Some of it, such as his custody battle over his kid and an arrest for assault at Marine boot camp that was ‘quickly ruled self defense’ was the sort of thing that could have been used against any politician going back for generations. But other admissions were very specific to his having grown up in a world where everything is digitized – possibly permanently.
Carter admitted to having said ‘homophobic, transphobic, sometimes sexist or racially insensitive’ things on the early internet as a teenager, and that ‘just like everyone else under 35, I’m sure explicit images or video of me exists out there somewhere.’
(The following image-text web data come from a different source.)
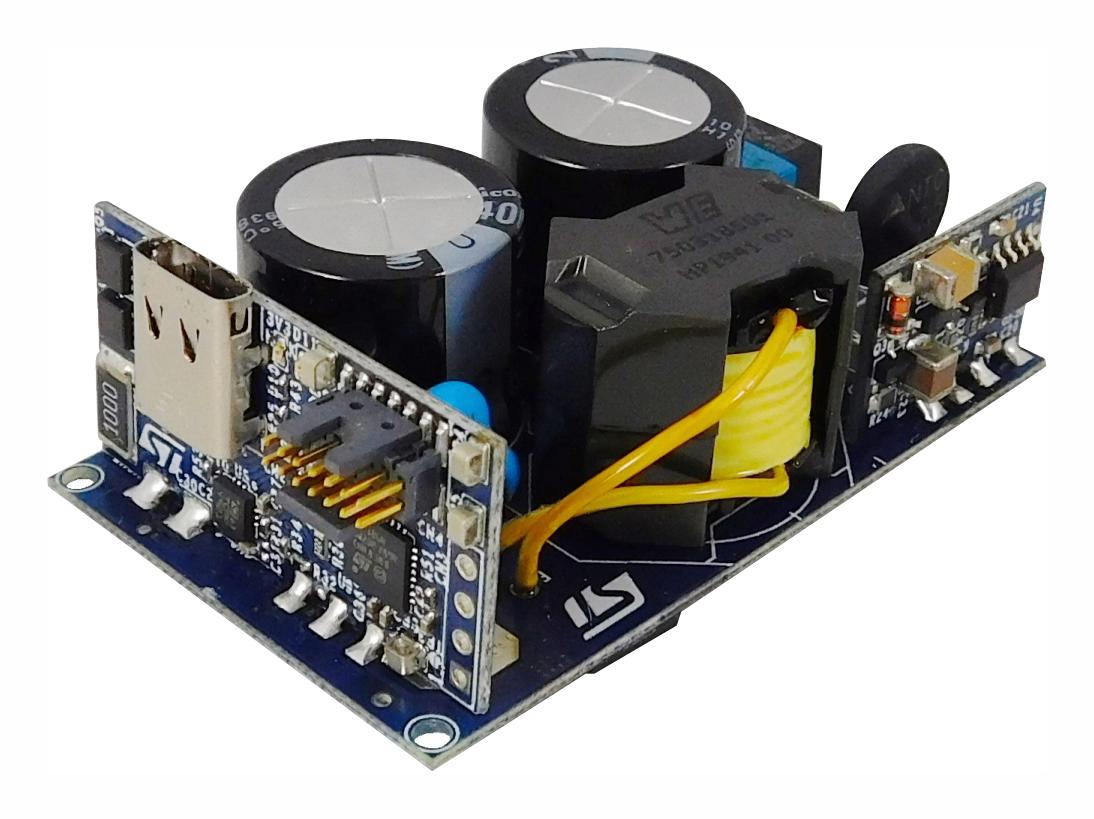 Stmicroelectronics Steval-Usbpd27S Eval Board, Usb Power Delivery Ctrl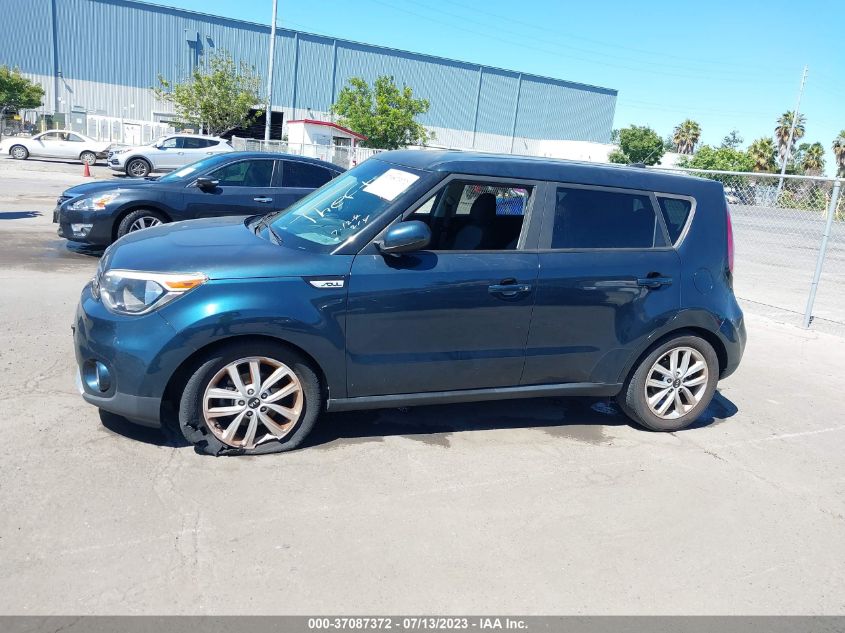 2018 KIA SOUL + - KNDJP3A57J7530275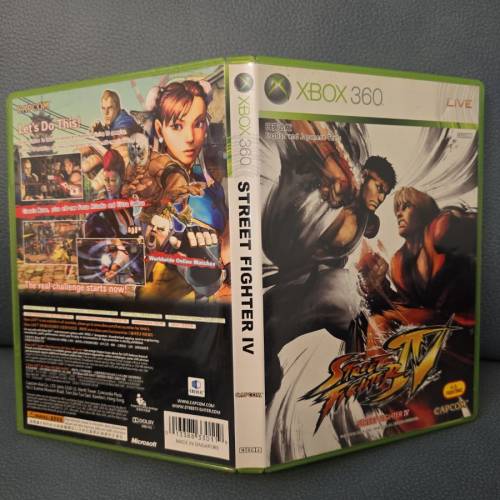 street fighter IV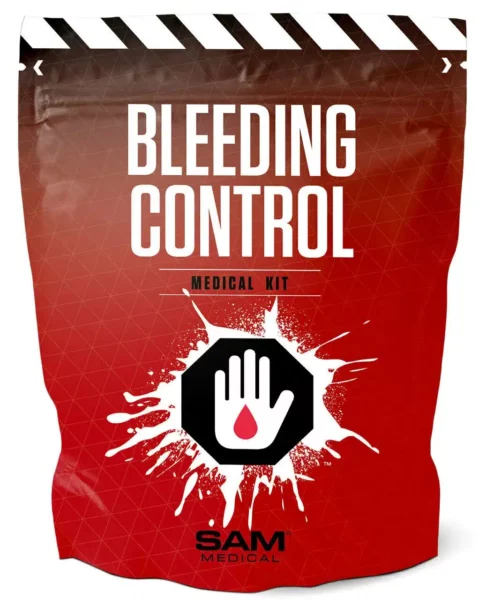 SAM Medical Bleeding Control Kit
I’m about Carter’s age, and when my peers and I were in our 20s we sometimes speculated that by the time our generation started running for office, there would be a more relaxed attitude toward ‘youthful indiscretions’ (to use a term popularized by former President George W. Bush), because many of us have lived our whole lives online. Everyone’s flawed, and everyone makes mistakes, after all. Would we become more forgiving?
So far, no.
The digital daggers just got sharper and quicker – whether the target is a political candidate or a journalist who’s just landed a plush new gig. It’s not just the extreme partisanship of our age. It’s that so many digital natives have been inoculated to the idea that it’s OK to be cruel on the internet as long as you feel that you’re righteous. (This is a problem that badly poisons many online social justice communities, but that’s a another column.)
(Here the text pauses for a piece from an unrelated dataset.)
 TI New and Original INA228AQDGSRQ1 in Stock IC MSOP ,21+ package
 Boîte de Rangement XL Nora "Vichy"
Millennials on both sides of the ideological aisle are horrified when politicians of an older generation, such as Virginia governor Ralph Northam, admit to having worn blackface in their younger years. The political left were quick to condemn Northam, who is a Democrat. But that’s in part because blackface has been considered unacceptable by the US mainstream for decades, and that these days anyone partaking in it knows full well that it’s wildly offensive. There are few excuses to be made for it.
The problem poses itself in the situations that are less obvious. It’s tougher to disqualify an example of a genuine youthful indiscretion – say, a millennial political candidate who had been an angry teenage atheist and made disparaging remarks about religious people in online forums. The same goes with behaviors that were less unacceptable in the recent past than they are now, as many forms of casual homophobia were just a decade or two ago. (Like Lee Carter, I’m now shocked at some of the things that got a pass on the internet of yore.) In the face of uncertainty, what we tend to do in these gray areas is excuse when the offender is aligned with us ideologically and condemn when he or she isn’t. Worse, we feel real outrage when the sinner isn’t on our team. Internet guilt is obscenely subjective.
But applying purity tests only to our ideological opponents isn’t just hypocritical. It involves the assumption that those we agree with are somehow more honest. Sure, we’ll believe our guy when he says he regrets making sexist remarks in his college’s satire magazine, but the other guy can’t possibly be sincere. This logical misstep only serves to further hyperpartisanship and mistrust of those with whom we disagree – even beyond the ones we elect.
Besides, if this continues, it may soon become the norm for digital natives running for office or about to take on prominent public roles to feel the need to publish a rap sheet of past faults and stumbles before anyone else can jump in and ruin them. That is authoritarian and creepy.